### Input data
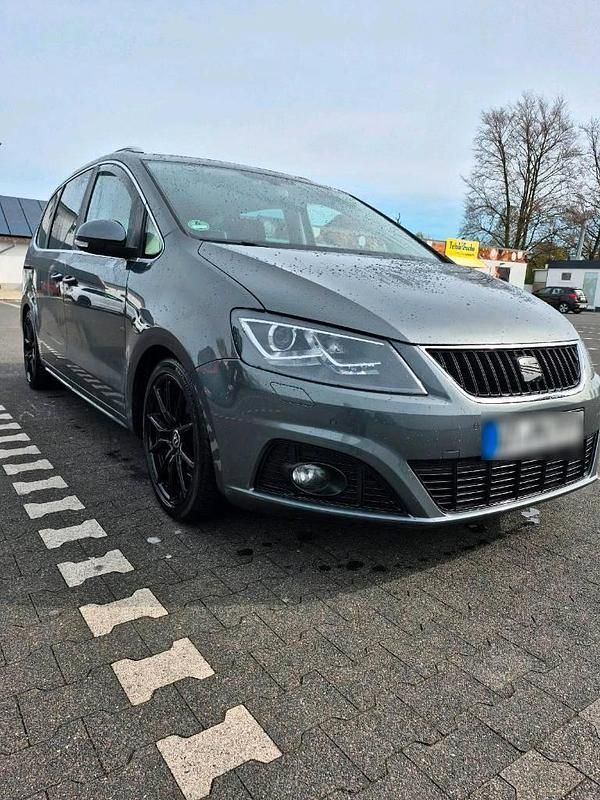 Gebraucht Seat Alhambra 140 PS (102 kW) 2013 Grau Van / Kleinbus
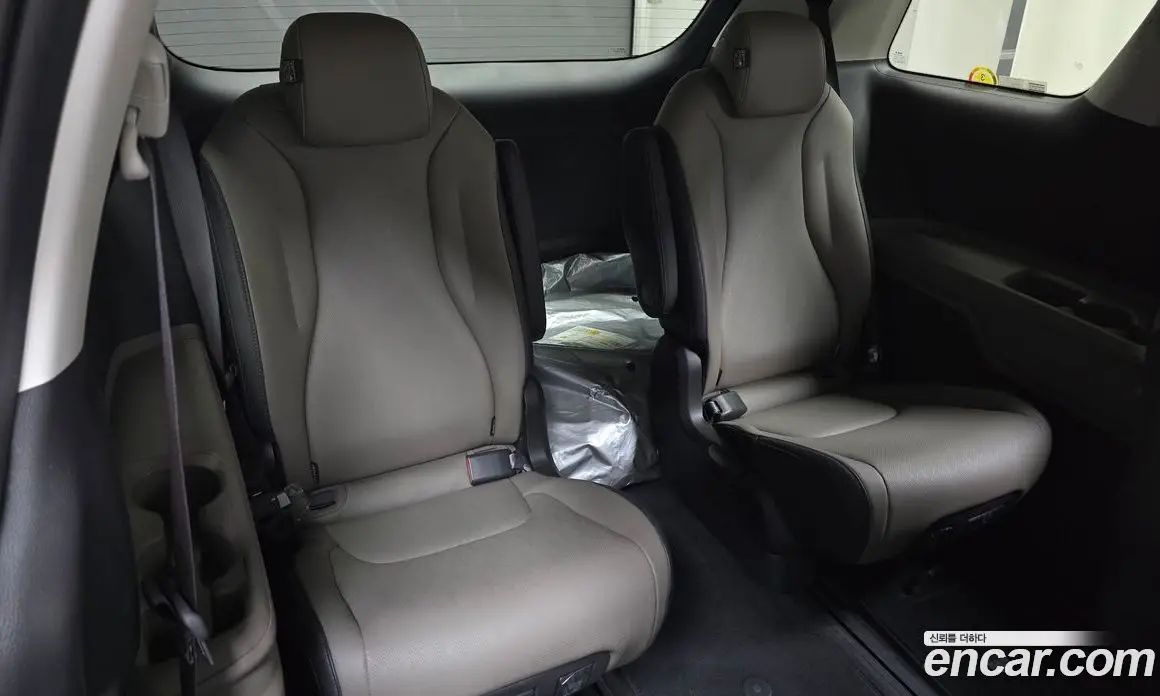 Kia Carnival 2025 2.2 автомат (гидро), фото 18 Kia Carnival 2025 2.2 автомат (гидро), фото 18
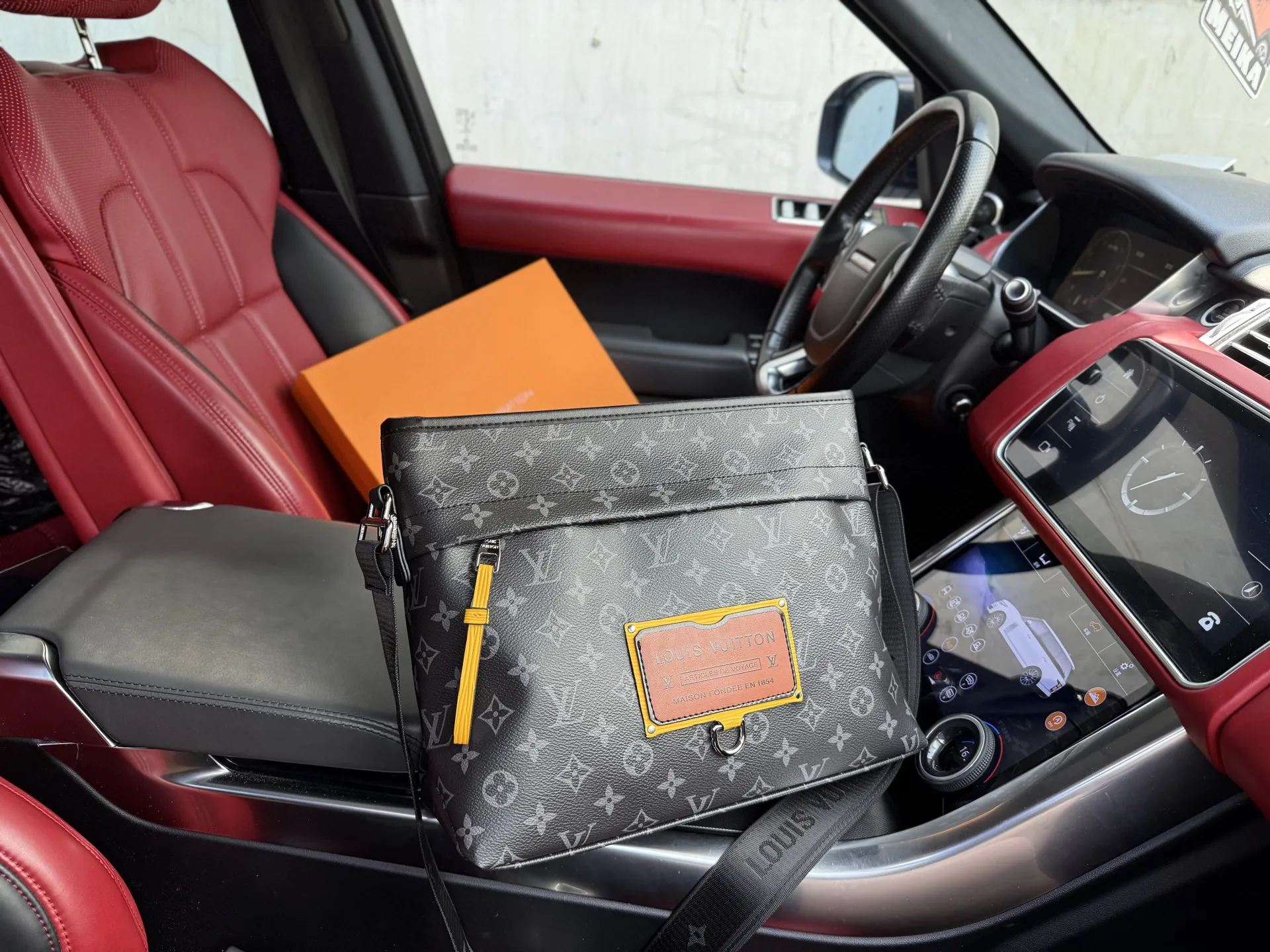 Louis Vuitton Besace Zippée M48219 - 图片 5
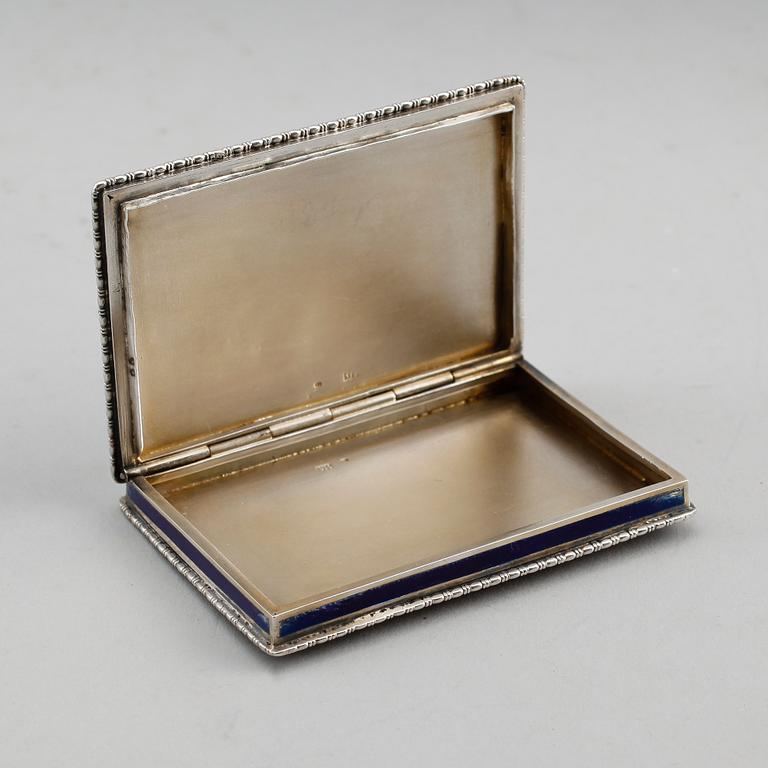 DOSA, silver och emalj, 1900-talets första hälft. Vikt ca 126 gram.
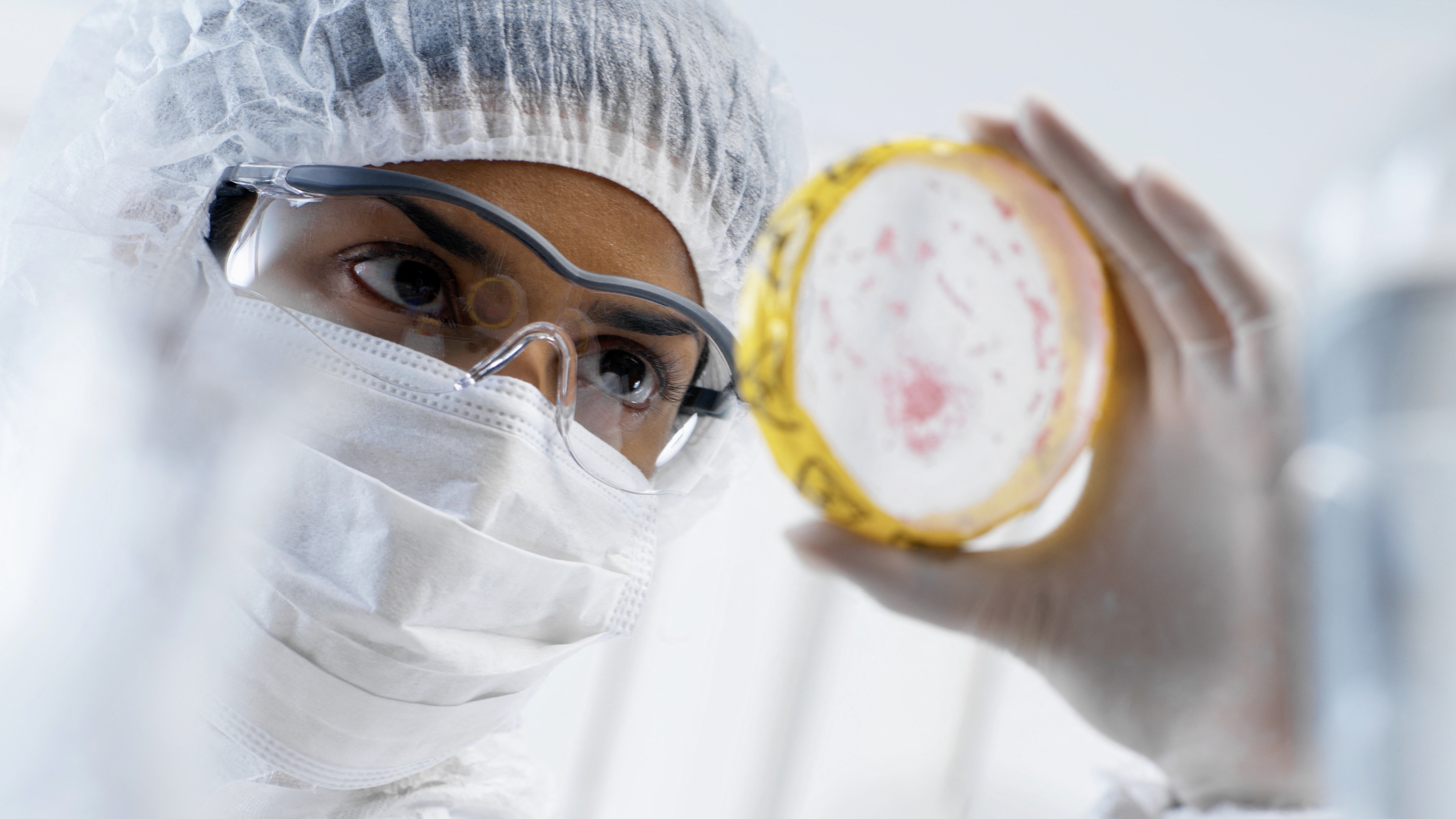 Bőven van mit javítani a halálos vírusokat kezelő laborok biztonságának szabályozásán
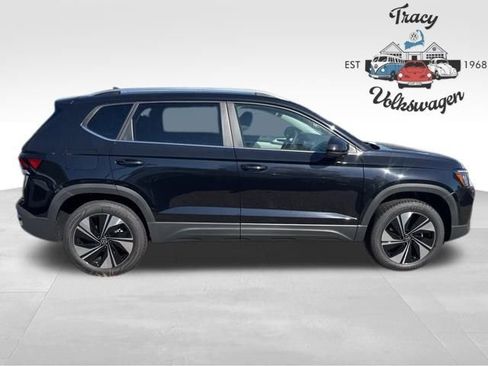 New 2025 Volkswagen Taos SE image 8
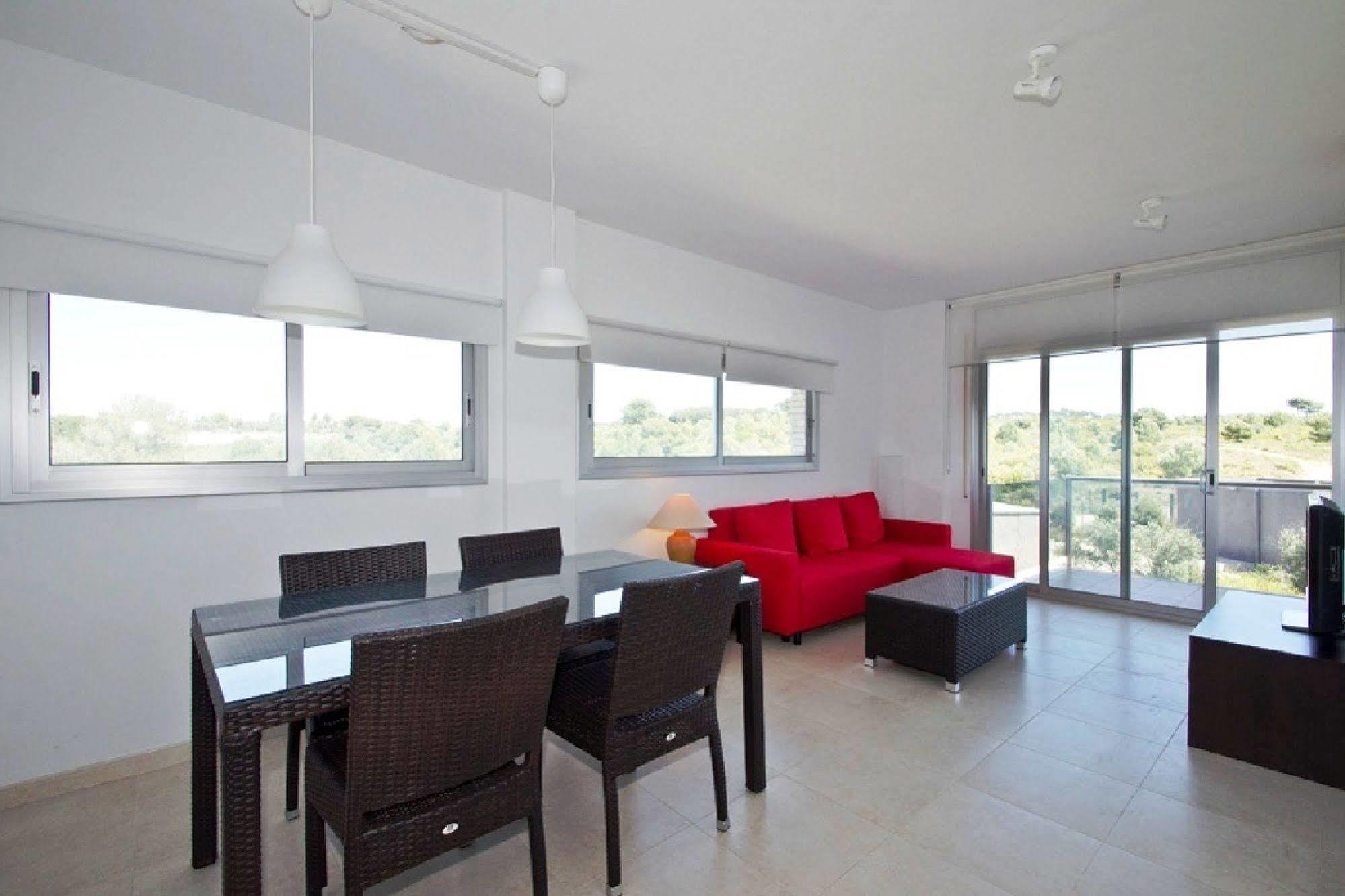 Paradise Village Litoral Costa Dorada 살루 외부 사진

### Task requirements
From the line with "Bőven van mit" through the final line of the data above, copy everything exactly, both ends included, but not the pictures.

### Answer to this task
 Bőven van mit javítani a halálos vírusokat kezelő laborok biztonságának szabályozásán
 New 2025 Volkswagen Taos SE image 8
 Paradise Village Litoral Costa Dorada 살루 외부 사진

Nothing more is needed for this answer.